**HOW TO COMPLETE THIS TASK**
Return the line containing "2024 Tesla Model" together with every later line up to the end of the records, exactly and with no pictures; return nothing else.

Saved entries:
***
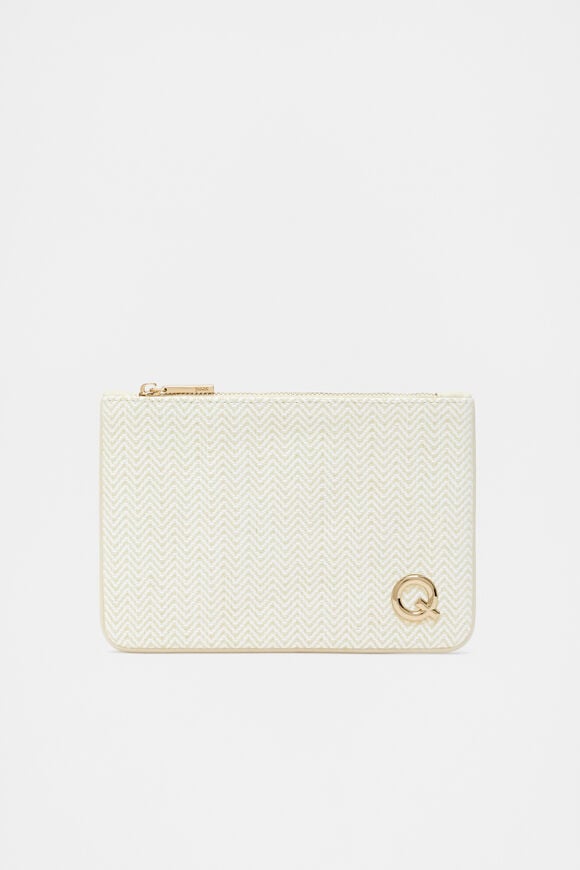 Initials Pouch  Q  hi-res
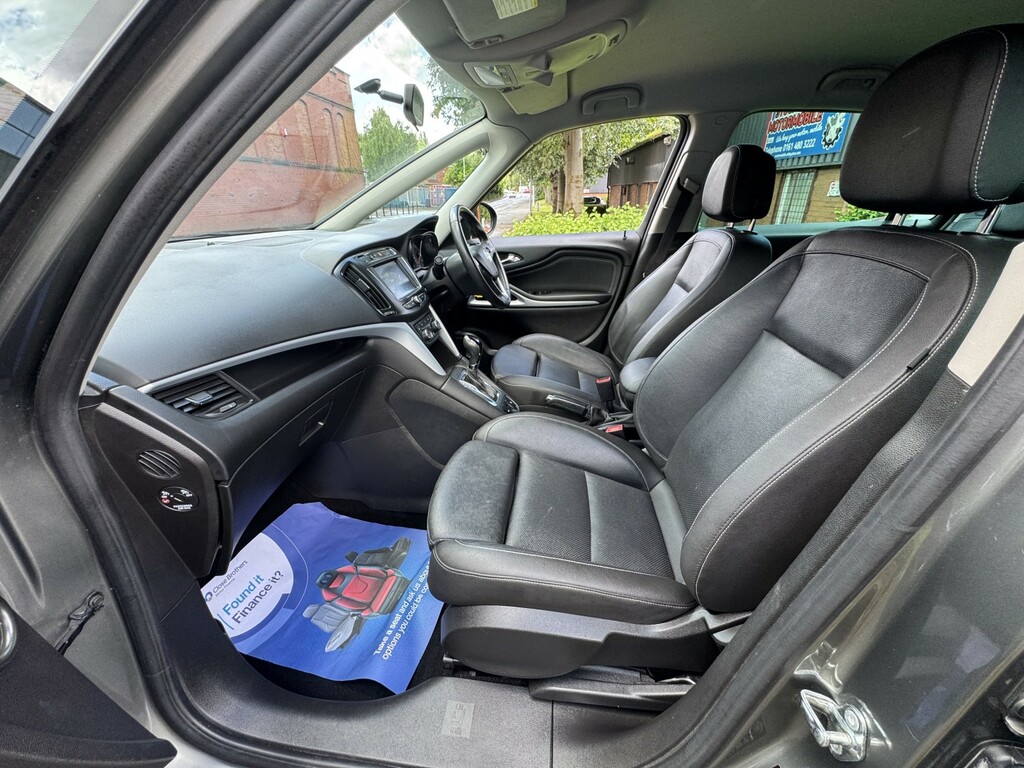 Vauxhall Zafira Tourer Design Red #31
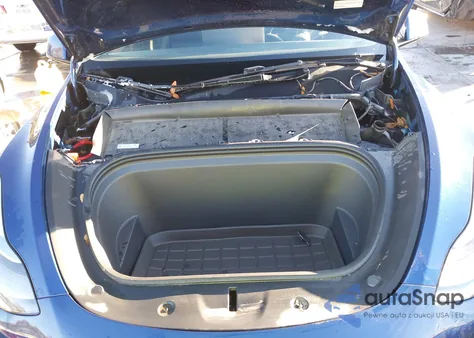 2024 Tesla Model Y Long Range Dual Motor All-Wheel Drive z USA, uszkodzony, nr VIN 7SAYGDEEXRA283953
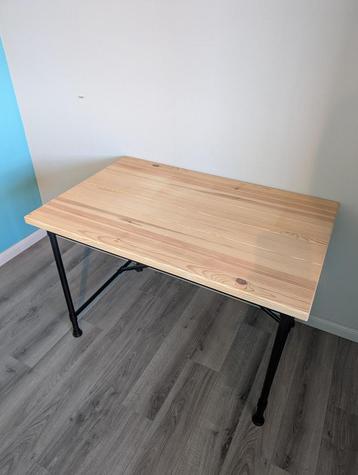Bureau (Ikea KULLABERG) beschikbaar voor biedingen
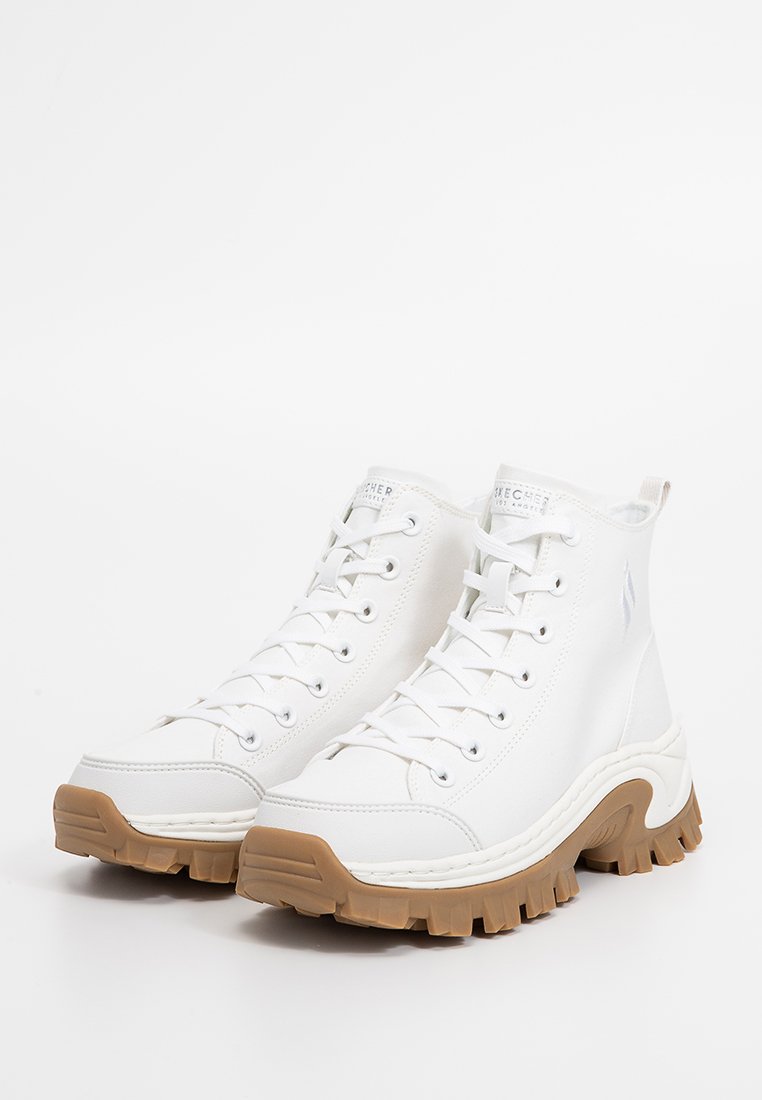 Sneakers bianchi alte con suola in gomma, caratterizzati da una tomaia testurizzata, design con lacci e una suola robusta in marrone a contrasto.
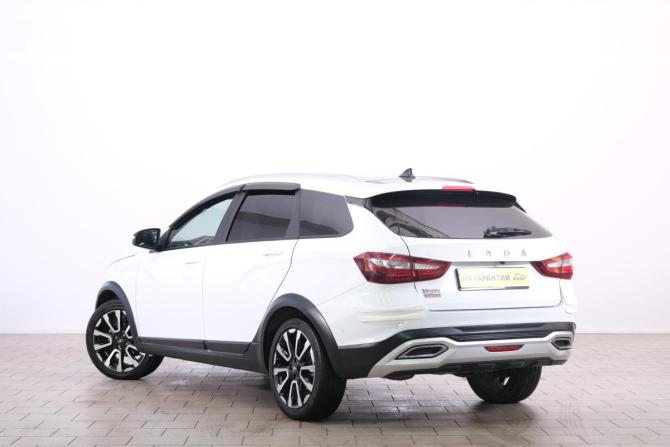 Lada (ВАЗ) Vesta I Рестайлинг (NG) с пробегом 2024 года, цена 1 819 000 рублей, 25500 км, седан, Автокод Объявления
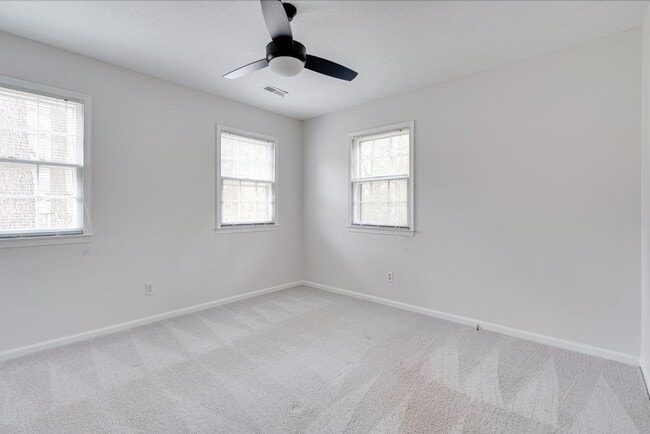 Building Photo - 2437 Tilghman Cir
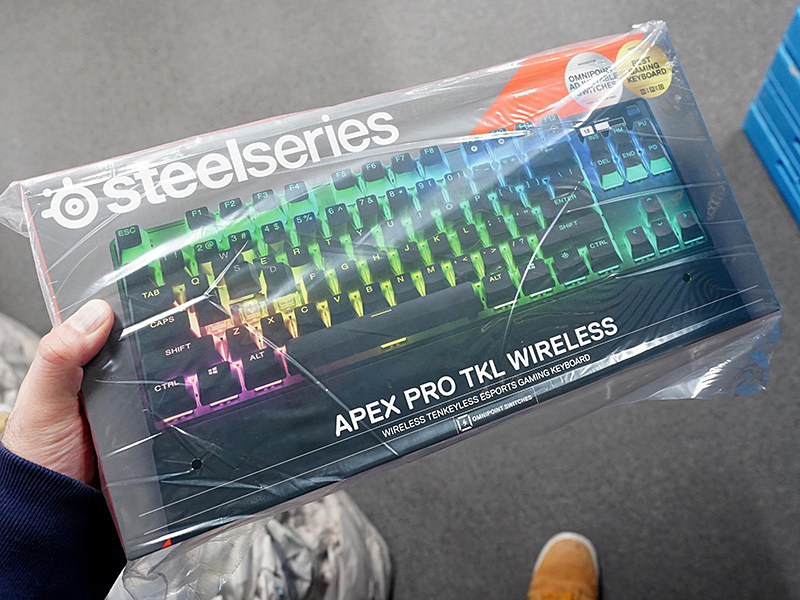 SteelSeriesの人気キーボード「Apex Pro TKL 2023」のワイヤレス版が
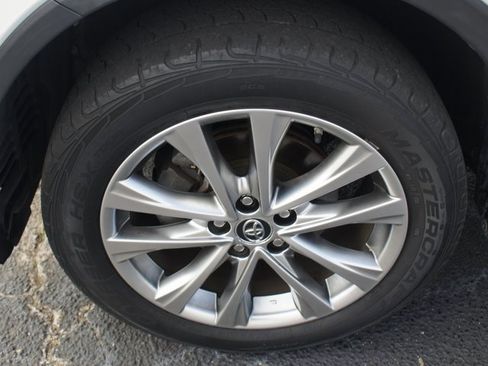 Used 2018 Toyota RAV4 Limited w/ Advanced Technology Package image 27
***
**RESPONSE BOX**
 2024 Tesla Model Y Long Range Dual Motor All-Wheel Drive z USA, uszkodzony, nr VIN 7SAYGDEEXRA283953
Bureau (Ikea KULLABERG) beschikbaar voor biedingen
 Sneakers bianchi alte con suola in gomma, caratterizzati da una tomaia testurizzata, design con lacci e una suola robusta in marrone a contrasto.
 Lada (ВАЗ) Vesta I Рестайлинг (NG) с пробегом 2024 года, цена 1 819 000 рублей, 25500 км, седан, Автокод Объявления
 Building Photo - 2437 Tilghman Cir
 SteelSeriesの人気キーボード「Apex Pro TKL 2023」のワイヤレス版が
 Used 2018 Toyota RAV4 Limited w/ Advanced Technology Package image 27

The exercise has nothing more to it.